Electronic Arts Explores NFTs and ‘Play-to-Earn’ Cryptocurrency Games
One of the most well-known people in the gaming business believes that nonfungible tokens (NFT) and play-to-earn games are the future of the industry, and he believes that both are on the horizon for widespread adoption.
Andrew Wilson, CEO of major video game firm Electronic Arts (EA), said on an earnings call that network-based transactions (NFTs) and play-to-earn games are the gaming industry’s future, despite the fact that it is still too early to determine how it would operate.
EA is widely regarded as a business-oriented corporation that employs the pay-to-win model in a number of its games; yet, the company has not yet experimented with the play-to-earn approach. In contrast, according to a job offering from the summer, EA seems to have set its eyes on blockchain and NFT technologies.
The success of games like as Axie Infinity demonstrates that if a play-to-earn product is well-refined, it can readily attract a large number of players. Player digital assets are obtained through completing daily objectives, slaying monsters, and outperforming other players in arenas in such games. Those assets have a monetary worth in the real world and may be traded on cryptocurrency exchanges.
Considering how well it integrates with Electronic Arts’ games and live services, Wilson feels that collectable digital content will play an important part in the company’s future. “As a result, it’s too soon to say.” Nevertheless, “I believe we are in a really strong position, and we should expect us to think more innovatively and imaginatively about it in the future.”
NFTs and play-to-earn games, according to Eurogamer, are a “essential element of the future of our business,” according to EA CEO Andrew Wilson, who claimed last week during an earnings call that both are “critical parts about the future of our company.” The executive also confessed that they would not feature in any EA-published games in the near future since “it’s still early to figure out how that’s going to work.”
This concept, known as “play to earn,” compensates participants with cryptocurrencies and, in certain cases, makes use of blockchain technology. In contrast, non-fungible tokens (NFT) are digital certificates for intellectual property that may be used for a variety of purposes throughout a game.
It is possible that the creation of material for a certain title will result in the creation of an NFT. For the time being, EA acknowledges that this relatively new technology will be significant, but no one understands how to use it successfully in video games at this point, according to the company.

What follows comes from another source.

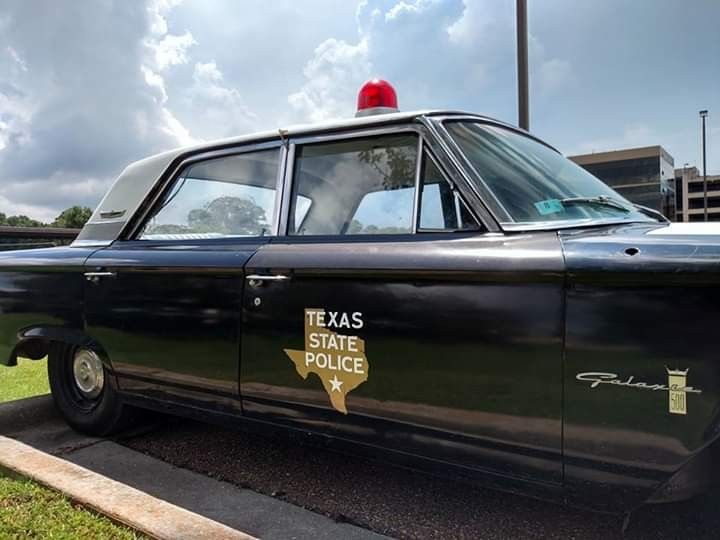 an old police car is parked on the side of the road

It is unlikely that it will be included in a future Battlefield, FIFA, or The Sims game since it could quickly backfire and hinder sales. Another issue is that of regulation, or rather the lack thereof, in the cryptocurrency space at the moment, which might develop into a minefield for Electronic Arts.
It was only a few days ago that it was announced that Ubisoft is also looking at NFTs and blockchain technology, indicating that the large game publishers are taking this seriously. As part of the Q2 financial results, EA released a statement from CEO Andrew Wilson noting, “This was the most successful second quarter in the history of Electronic Arts, with more people across the globe joining and participating in our top franchises, new releases, and live services.”
He also expects the firm to have high sales throughout the Christmas season, thanks in part to the release of Battlefield 2042, which will take place on Nov. 19.